The output voltage Vd of the A / D converter 5 is divided by the gain G in the divider 6. That is, the output voltage of the divider 6 is Vd / G. The adder 7 outputs a value (Vb + Vd / G) obtained by adding the output voltage Vb of the A / D converter 2 and the output voltage Vd / G of the divider 6. Here, from the expression (1), the input voltage Va of the A / D conversion apparatus 100 is expressed by the following expression (4). Therefore, the quantization error of the A / D conversion processing by the A / D conversion apparatus 100 is Is represented by the following equation (5).
Va = Vb + Vc (4)
Quantization error = Va− (Vb + Vd / G) = (Vb + Vc) − (Vb + Vd / G)
= Vc-Vd / G = (Vd / G + Ve / G) -Vd / G
= Ve / G (5)

As described above, since the relationship of 0 ≦ Ve <ΔV1 holds, the magnitude of the quantization error Ve / G in the A / D conversion process of the A / D conversion apparatus 100 is defined by the following equation (6). .
0 ≦ Ve / G <ΔV1 / G (6)

  That is, the maximum quantization error of the A / D conversion process by the A / D conversion apparatus 100 is ΔV1 / G, and the maximum value ΔV1 / G of the quantization error is the resolution of the A / D conversion apparatus 100. Here, since the maximum value of the quantization error when only one A / D converter is provided, that is, the resolution is ΔV1, according to the A / D conversion apparatus 100 of the first embodiment, the resolution Can be reduced to 1 / G.

Here, the resolution is calculated using specific numerical values.
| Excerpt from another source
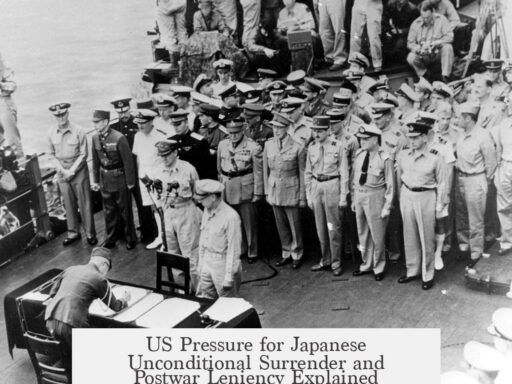 US Pressure for Japanese Unconditional Surrender and Postwar Leniency Explained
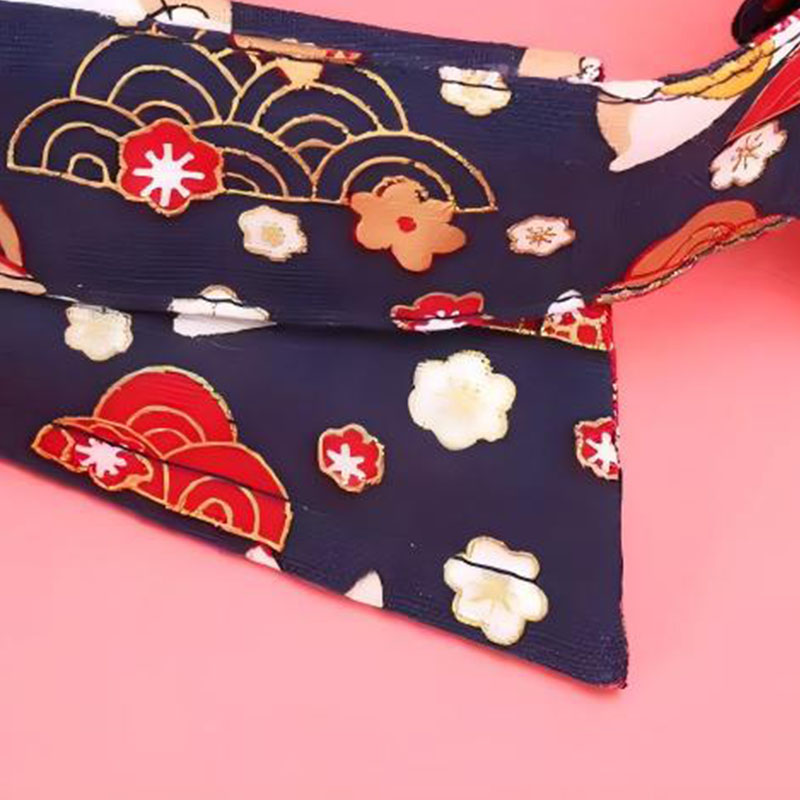 Nœud papillon en coton pour animal de compagnie, accessoire floral pour col de chat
The resolution of the 8-bit A / D converter 2 with a maximum input voltage of 5V is 5/2 ⁸ (V).
5/2 ⁸ × K = 800/256 = 3.125 (V)
It becomes. This is the resolution (800 V conversion) of a conventional A / D converter having only one A / D converter.

On the other hand, since the resolution of the A / D conversion device 100 in the first embodiment is 1 / G of the resolution of the A / D converters 2 and 5,
3.125 / 200 = 15.6 (mV)
It becomes.

Here, in a conventional A / D converter having only one A / D converter, the resolution (converted to 800 V) when a 16-bit A / D converter is used is as follows:
^{5/2 16 × K = 800/2} 16 = 12.2 (mV)
It becomes. That is, according to the A / D converter in the first embodiment, the A / D converter using the 8-bit A / D converter is equivalent to the A / D converter using the expensive 16-bit converter. Resolution can be obtained.

The gain G is determined based on the resolution of the first A / D converter 2 and the maximum input voltage of the second A / D converter 5. As described above, since the resolution of the A / D converter 2 is 5/2 ⁸ (V), the voltage input to the A / D converter 5 is a value smaller than 5/2 ⁸ × G (V). It becomes. Gain G must be set so that the input voltage of the A / D converter 5 is smaller than 5V is the maximum input voltage, here, it is necessary to set the gain G 2 ⁸ the following values. As described above, according to the A / D conversion device 100 in the first embodiment, the resolution is set to 1 / G with respect to the resolution of the A / D conversion device using one A / D converter. since it is, the gain G is at 2 ⁸ the following values, it is preferable to set as high as possible value.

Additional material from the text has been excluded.